The most accurate correlation for 2013 was the Fed’s Balance Sheet and the SPX, but you certainly can not say the same for economic reality and the SPX. The U.S. index funds crushed the active managers as a whole, and until proven otherwise 2014 starts out with the same theme. This was evident as equity trading revenues for the major sell side firms were down significantly in 2013.
The SPX closed at 1848.38 yesterday which is essentially unchanged from the 2013 1848.36 close. The price action for the most part in 2014 has been on light volume and narrow range until the -1.3% decline on Mon and +1.1% reversal on Tues. The SPX price action appears to be mostly computer driven and will probably remain so as long as the Fed continues to manipulate the market, and the Obama administration policies crowd out the Private Sector.
Regardless of the computer driven market the high probability low-stress day trading strategies continue to provide ample trading opportunities on a daily basis.
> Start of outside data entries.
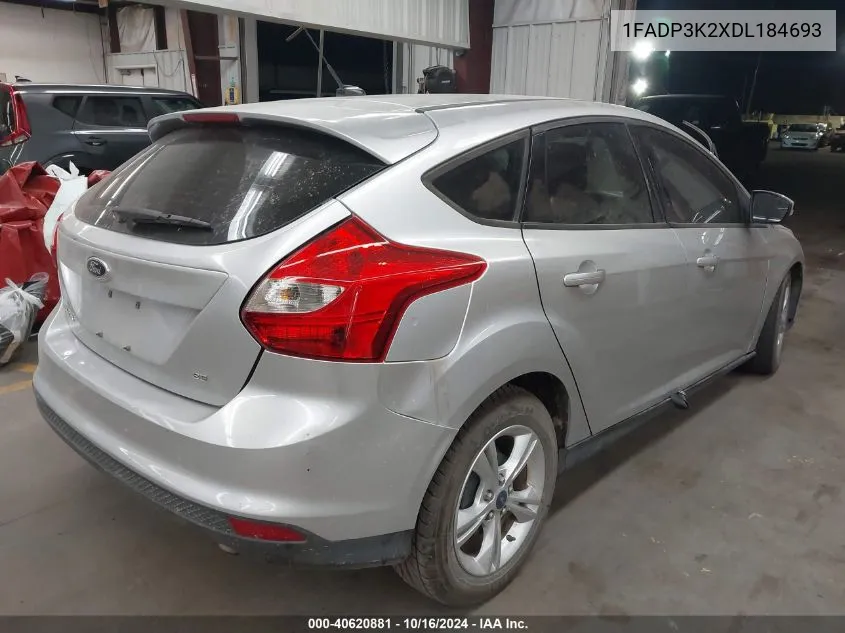 2013 Ford Focus Se VIN: 1FADP3K2XDL184693 Lot: 40620881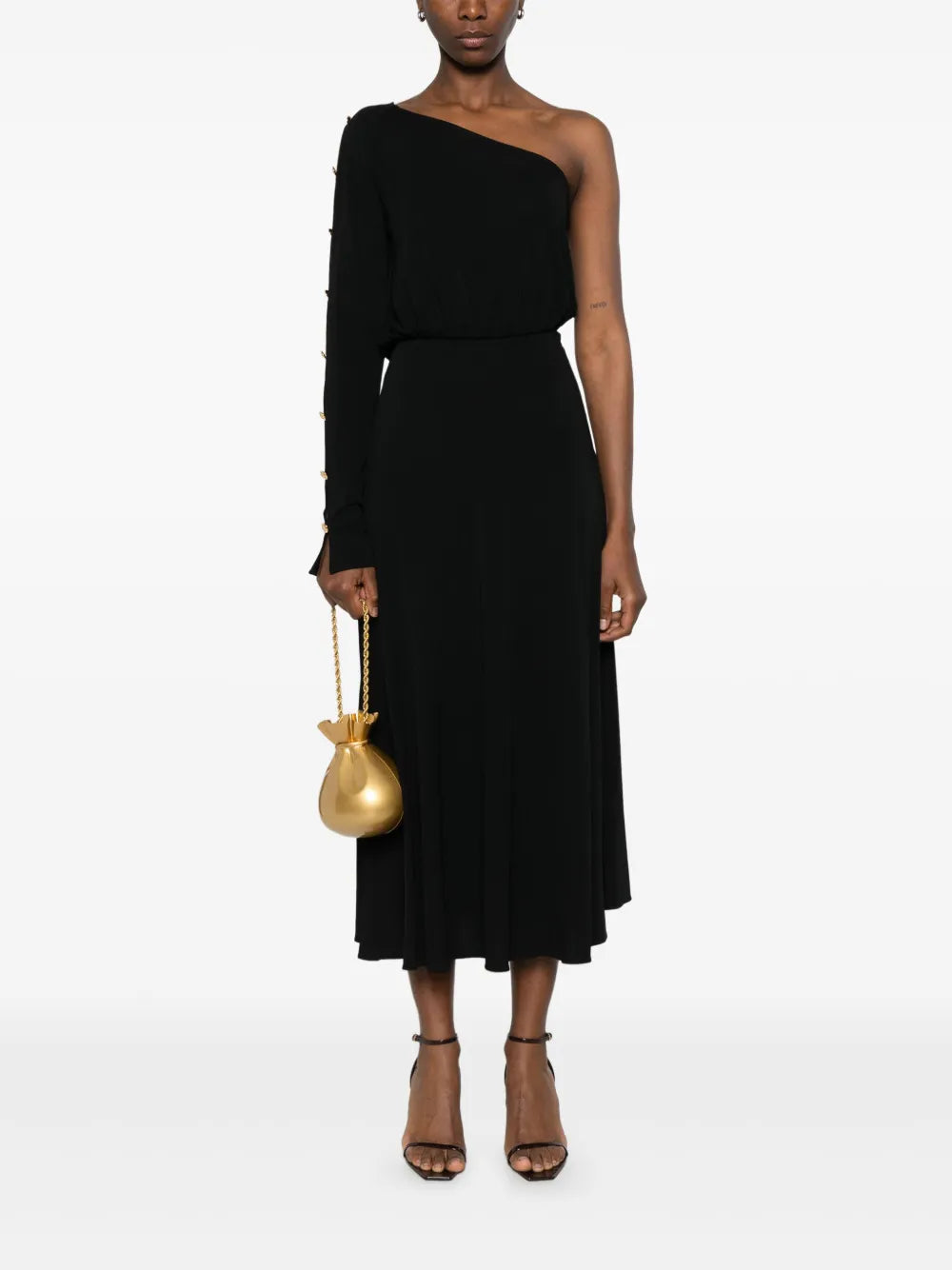 One-Shoulder Midi Dress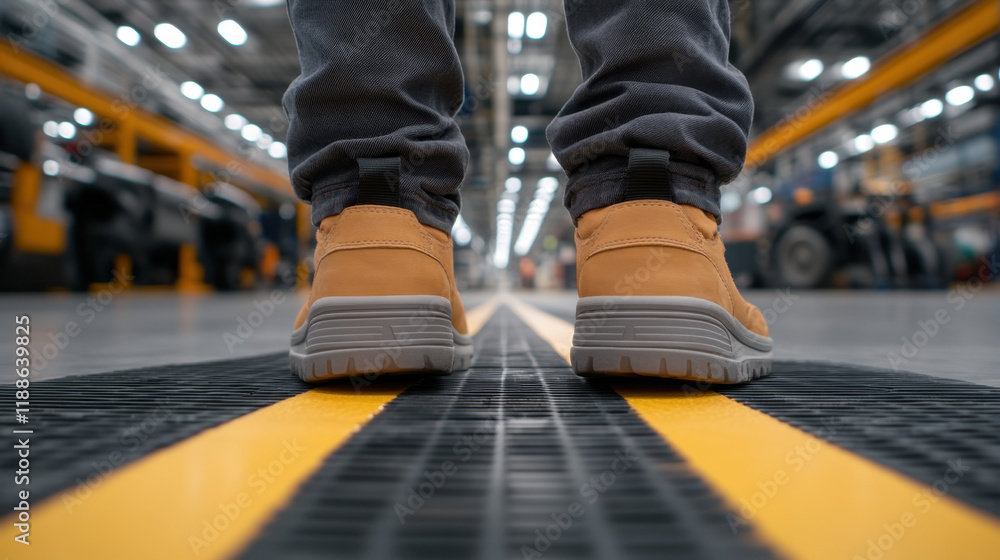 Poster safety zone, filename describes a stock image depicting a safety zone concept within a chaotic envir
I have included several examples of actual trading setups from the last two days. The ACN setup is what we call a 1st CBO [consolidated breakout] to new intraday highs from a tight pattern and the stock made a good move as it advanced to the +2.0 Volatility Band level:
MMM broke it’s down trend line from the previous day and formed a 123 Higher Bottom setup, which was also a Gap Pullback [GPB] as it pulled back from the 135.67 high to 134.77 The trade result was an advance to the +1.5 VB level:
LYB was a tight [relative to its volatility] opening range contracted volatility pattern which expanded to the +2.0 VB level [1 Day +2.0 Standard Deviation]:
There is a certain criteria for Focus list trading stocks, and also other specific pattern guidelines, in addition to symmetry that supports the trading decision, but these are just three examples to give you an idea of some contracted volatility setups. Trading contracted and expanded volatility price action will always be a core staple for High Probability Low-Stress Day Traders.